Rich she shall be, that’s certain; wise,
or I’ll none; virtuous, or I’ll never cheapen her;
fair, or I’ll never look on her; mild, or come not
near me; noble, or not I for an angel; of good
discourse, an excellent musician, and her hair shall
be of what colour it please God.– Much Ado About Nothing | Act 2, Scene 3
I imagine I’m quite picky and difficult, so any guy I end up with would have to be able to live with that.

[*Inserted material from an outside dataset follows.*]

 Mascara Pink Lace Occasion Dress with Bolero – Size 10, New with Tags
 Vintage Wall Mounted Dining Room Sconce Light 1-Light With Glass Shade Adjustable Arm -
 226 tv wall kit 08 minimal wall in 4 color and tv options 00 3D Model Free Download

I imagine that person would be companionable. He would be someone who reads. He’d accept that I’m a bespectacled geek with certain rabid obsessions with British scifi. We’d argue and discuss constantly, because (a) that’s what you do when you’re very honest with each other and (b) that’s how my parents’ relationship has always been. He would humble me with his intelligence. He’d have a sense of humour, and forgive me easily when I laugh loud enough to wake the neighbourhood dogs. He’d bring me closer to God, not from any overt expression of religiosity, but because he is intrinsically God-fearing and God-loving.
Then again, those are the traits I can think of now. Who knows what I’ll come up with tomorrow, or the day after. (Speaking of which, let me just add Tom Hiddleston‘s name somewhere on my list…)
As of now, where I am and how I feel and how I think, I don’t have it in me to be with someone. I’m far too selfish to be able to share my dreams with someone just yet; his dreams would have to be same or similar, and what are the chances of that? And too many of the things I have envisioned for myself are things that I want. I want to study further; I want to travel more countries, getting further with each plane ride; I want to finish my tottering pile of unread books; I want to write a proper song with verses and a chorus and everything. Sure, I can do these things with someone too, but I don’t see it that way, not right now.
All my adventures I envision them alone, and I wonder if it is the result of circumstance or if I’m making it that way.